Se colocarmos lado a lado os conceitos de humanidade, Igreja, Deus, e concluirmos que entre eles não existe correlação, empatia, sintonia, então devemos tomar consciência de que estamos diante de uma crise de identidade. Esse é um pressentimento forte que vejo bem presente nas palavras do Papa Wojtyla, logo após a queda do muro de Berlim. Indo contra a corrente, enquanto o mundo ocidental festejava a dissolução do bloco comunista – o “império do mal”, como o definiu Ronald Reagan – João Paulo II advertiu para o perigo do laicismo, do consumismo e do liberalismo, alçados à condição de ideologia universal. Porque, como sagaz profeta, o Papa intuiu que a ameaça mais séria à comunhão do homem com Deus está na perda dos valores espirituais. O comunismo de Estado fundava-se na negação de Deus, mas não estava desprovido dos valores da solidariedade, justiça e fraternidade, que são próprios do cristianismo. Em sentido contrário, o capitalismo desenfreado corre o risco de se esvaziar de todos os valores espirituais. Não é, provavelmente, por acaso que hoje, na Itália, personalidades políticas declaradamente atéias, que sobreviveram e se reciclaram depois do fim do comunismo, manifestem publicamente que compartilham as idéias do Papa e o apontam com orgulho como emblema do Bem Comum.
Diante disso, compreende-se como é atual a pergunta de T.S. Eliot: “É a humanidade que abandonou a Igreja ou é a Igreja que abandonou a humanidade?”. No fundo, trata-se da crise de identidade de um mundo ocidental que é constrangido a olhar-se em profundidade, a descobrir as próprias raízes para dar um sentido ao presente e imaginar um futuro intimamente satisfatório. Esse imperativo tornou-se urgente depois do desaparecimento do estado de emergência imposto pelo “inimigo comunista”, que obrigava o Ocidente a olhar mais para “fora” do que para “dentro” de si mesmo. E se repropõe hoje com o advento do novo perigo do terrorismo islâmico globalizado, que lançou a guerra total contra os cristãos, os judeus e os próprios muçulmanos moderados. De certo modo, o Ocidente redescobre as suas raízes cristãs, até porque os terroristas islâmicos o vêem essencialmente em sua dimensão religiosa, por eles percebida como antagonista e com uma conotação negativa. E é assim que o cristianismo termina por assumir uma dimensão identificadora até para as laicos, para os ateus que honestamente reconhecem o lugar e o papel que ele vem exercendo no curso da História. E em todo caso, o assumem como aliado na comum contra-ofensiva para bater a ideologia e a cultura de morte desfraldada pelos terroristas islâmicos.
Resta ver se o cristianismo, depois de ter recolhido uma forte e ampla legitimação no plano da identidade e no plano moral, como berço dos valores fundantes da sociedade no Ocidente e alhures no mundo, conseguirá reconquistar também a esfera mais propriamente religiosa. É provavelmente esse o desafio mais urgente do novo milênio que se apresenta à Igreja em sua missão universal no seio da humanidade.

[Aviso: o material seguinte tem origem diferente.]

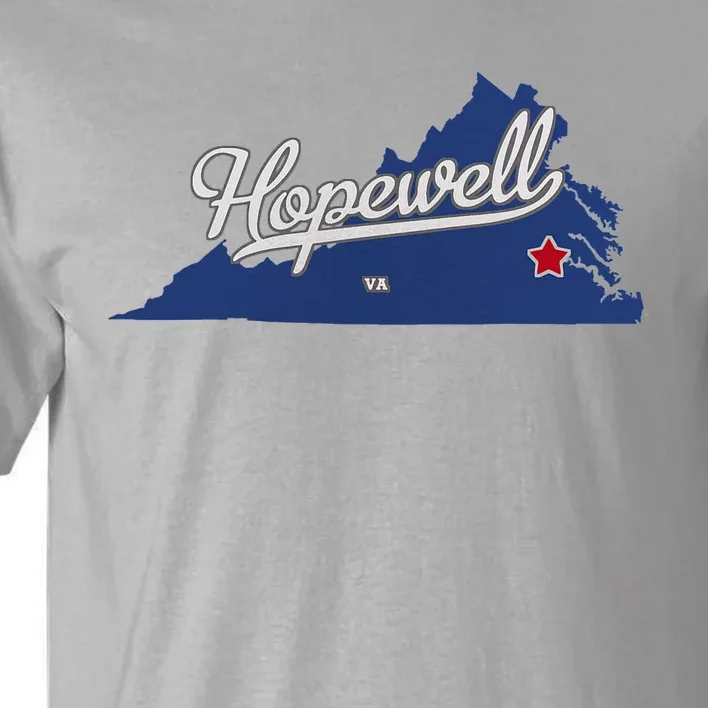 Hopewell Virginia Va Map Tall T-Shirt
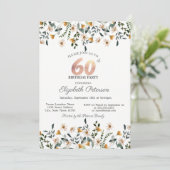 Watercolor Wildflowers Garden Party 60th Birthday 招待状 (スタンド正面)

“Além do mais, Eliot já tinha algo para dizer com uma certa segurança de si quando perguntava: “Foi a Humanidade que abandonou a Igreja ou foi a Igreja que abandonou a Humanidade?”. Mas como é que um homem do meu tempo, um homem destes tempos, ao falar de cultura, usando a palavra cultura, pode ignorar esta frase aqui? Ele ignora quatro quintos do mundo”.

É uma crítica à Igreja ou à humanidade?
“A ambas, a ambas, pois em primeiro lugar é a humanidade que abandonou a Igreja, visto que, se eu preciso de algo, e este algo vai embora, eu corro atrás dele. Ninguém corria atrás”.

E a Igreja, quando abandonou a humanidade?
“A Igreja começou a abandonar a humanidade, na minha opinião, na nossa opinião, porque esqueceu quem era Cristo, não se apoiou sobre…, teve vergonha de Cristo, de dizer quem é Cristo”.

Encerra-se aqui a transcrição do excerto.